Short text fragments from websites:
/---

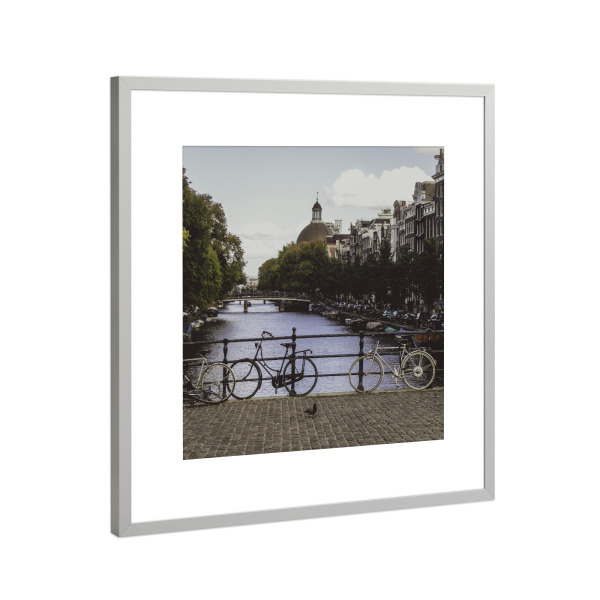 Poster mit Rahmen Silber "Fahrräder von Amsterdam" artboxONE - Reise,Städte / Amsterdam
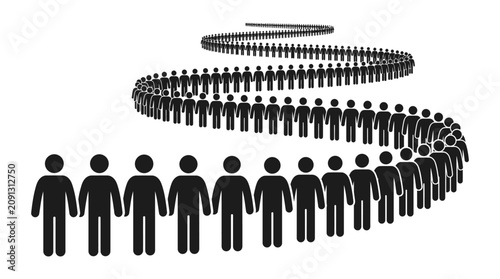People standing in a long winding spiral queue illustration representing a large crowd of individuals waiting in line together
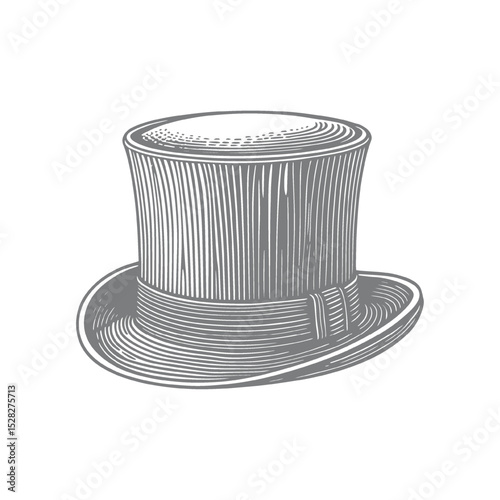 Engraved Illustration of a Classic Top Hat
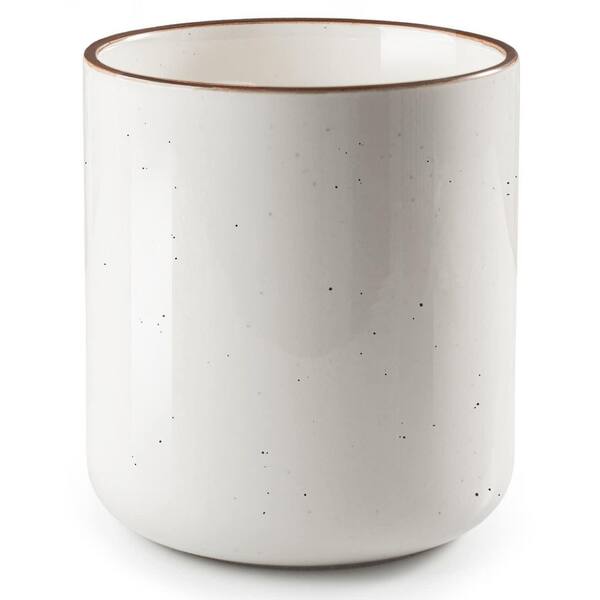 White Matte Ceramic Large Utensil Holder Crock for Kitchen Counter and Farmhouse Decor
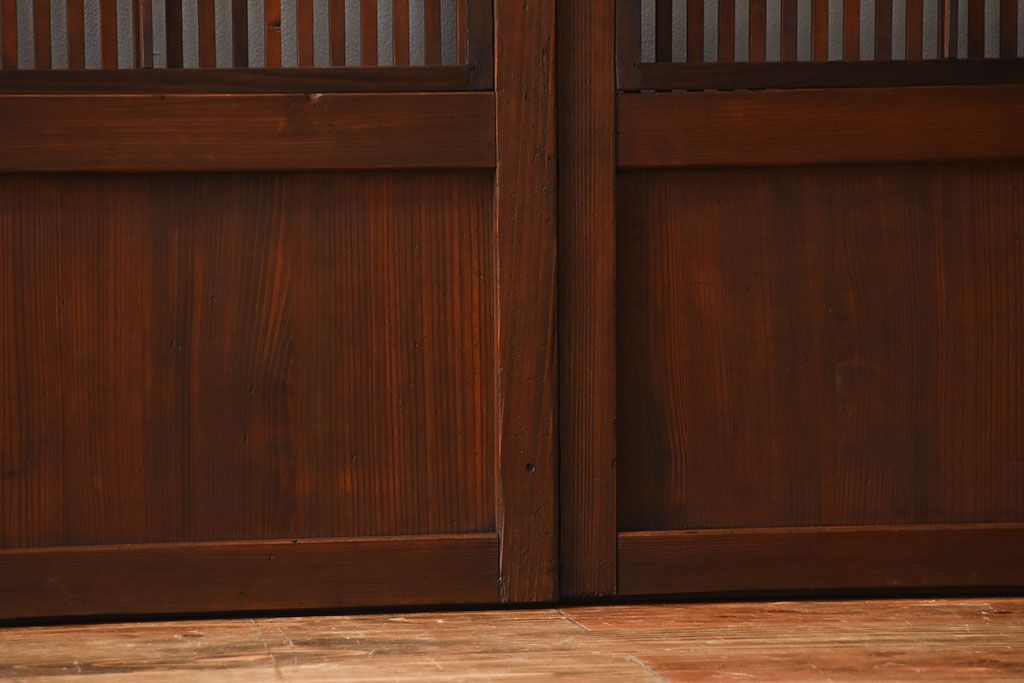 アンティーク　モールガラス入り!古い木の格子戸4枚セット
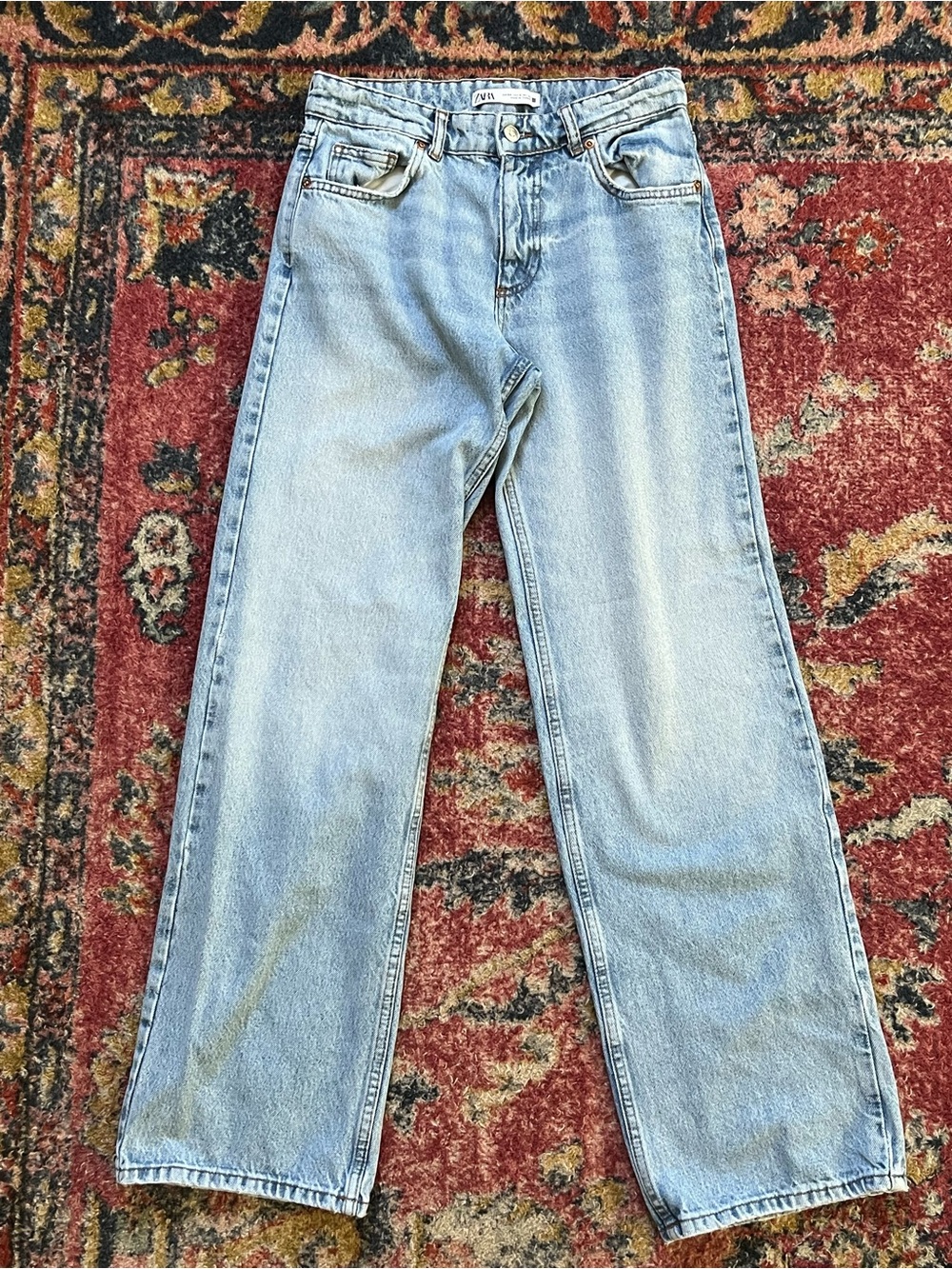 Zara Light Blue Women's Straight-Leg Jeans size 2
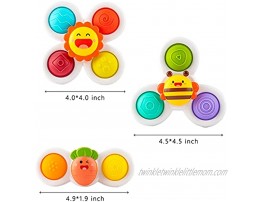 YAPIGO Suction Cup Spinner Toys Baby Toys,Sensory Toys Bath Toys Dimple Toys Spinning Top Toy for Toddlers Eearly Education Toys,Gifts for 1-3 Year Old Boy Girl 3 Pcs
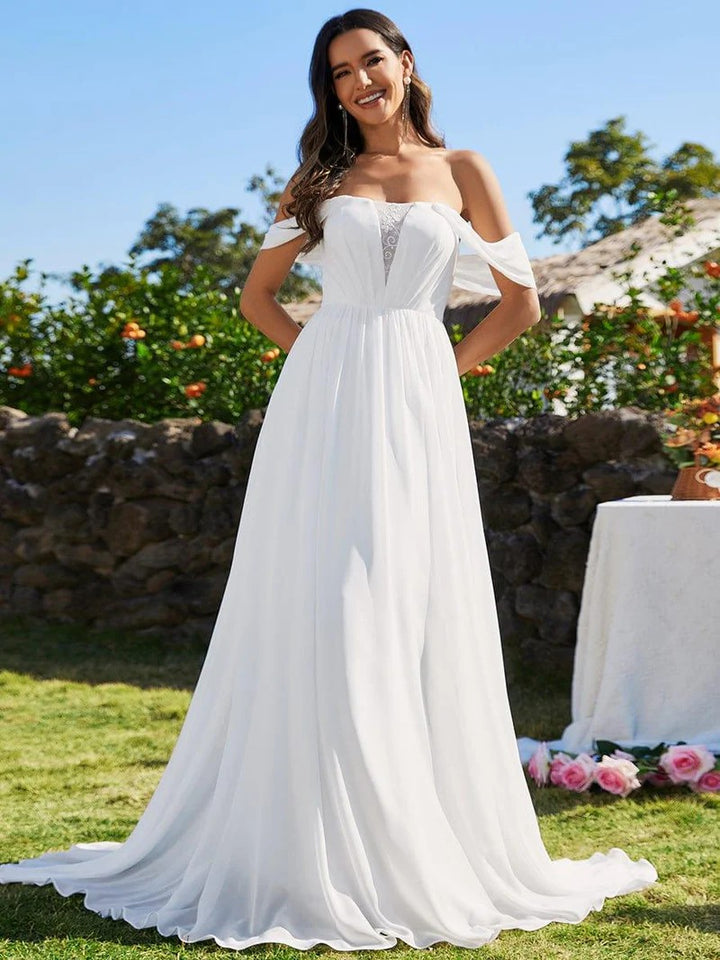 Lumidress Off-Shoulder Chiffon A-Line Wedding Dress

\---

= WHAT YOU ARE ASKED TO DO =
Exact repeats of the lines from the first one in the data through the line containing "Engraved Illustration of a Classic Top Hat" make up the answer. Pictures do not.

= SOLUTION TO THE EXERCISE =
 Poster mit Rahmen Silber "Fahrräder von Amsterdam" artboxONE - Reise,Städte / Amsterdam
People standing in a long winding spiral queue illustration representing a large crowd of individuals waiting in line together
 Engraved Illustration of a Classic Top Hat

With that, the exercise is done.